Note: The pipeline treats the time series as a waveform, reshapes it into multiple time steps, and decomposes it into characteristic frequencies before learning compact “fingerprints” with an auto‑encoder‑style model.
Modeling Approaches
| Technique | Purpose |
|---|---|
| FFT Feature Extraction | Convert raw sensor signals into a frequency‑domain representation. |
| EmbeddingClusterer | Train a neural embedding (900‑dim) and perform density‑based clustering to uncover latent patterns. |
| Visualization | Plot 2‑D embeddings (Matplotlib) coloured by cluster label and overlay time‑series per source. |
Results & Insights
The EmbeddingClusterer discovered several distinct clusters (noise excluded) in the
frequency domain. 2‑D embedding visualisations (above) show well‑separated groups, indicating
strong behavioural differences between sequences. Time‑series plots per cluster (below) reveal
characteristic patterns that clearly differentiate benign traffic from malicious botnet activity.
Some attacks share similar signatures (e.g., DoS traffic targeting different ports), which is
expected because the focus is on behaviour rather than specific attack names.
The analysis shows transitions in color where the model identified behavioral changes in the data. These color changes in the top plot align with the changes in the label colors in the bottom plot. We arent looking for the colors in the top plot to match the colors in the bottom plot since they dont represent the same thing. We are simply looking the colors to change at the same time. These results show that analyzing behaviors can help us identify anomalous behaviors in timeseries data and also help us to analyze it. In a real scenario the behaviors of new data could also be compared to old data to identify what the new data is most likely to resemble as a behavior. Anecdotally a new attack may look like a denial of service but with a new target. This analysis could show us that the behavior is similar and thus tell us what the correct response should be.
Key Takeaways
- Temporal patterns are strong indicators of botnet activity.
- Hybrid pipelines (statistical + deep) improve robustness.
- Attention visualisations aid interpretability for security analysts.
- Embedding‑based clustering scales to large, high‑frequency IoT datasets.
Future Directions
- Online Learning – Deploy models that update incrementally as new traffic arrives.
- Multivariate Fusion – Combine host‑level logs with network time‑series for richer context.

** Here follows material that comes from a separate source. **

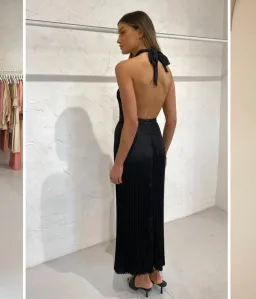 L'Idee Renaissance Gown Black Size AU 8 for rent on The Volte - image 3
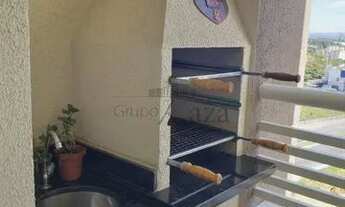 Imagem 3: Apartamento Locaçao Jardim Vale do Sol - Residencial Sun Vale - 50m² - 2 Dormitórios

- Edge Deployment – Optimise models for real‑time inference on low‑power network appliances.
Broader Applications
The same time‑series‑centric methodology can be transferred to other domains where periodic or cyclic behaviour is informative:
- Mechanical Diagnostics – Detect faults and fatigue in engines, transmissions, and gearboxes by analysing rotational signatures.
- Predictive Maintenance – Monitor vibration or acoustic signals to pre‑empt equipment failure.
- Industrial Process Control – Identify abnormal cycles in production‑line sensors.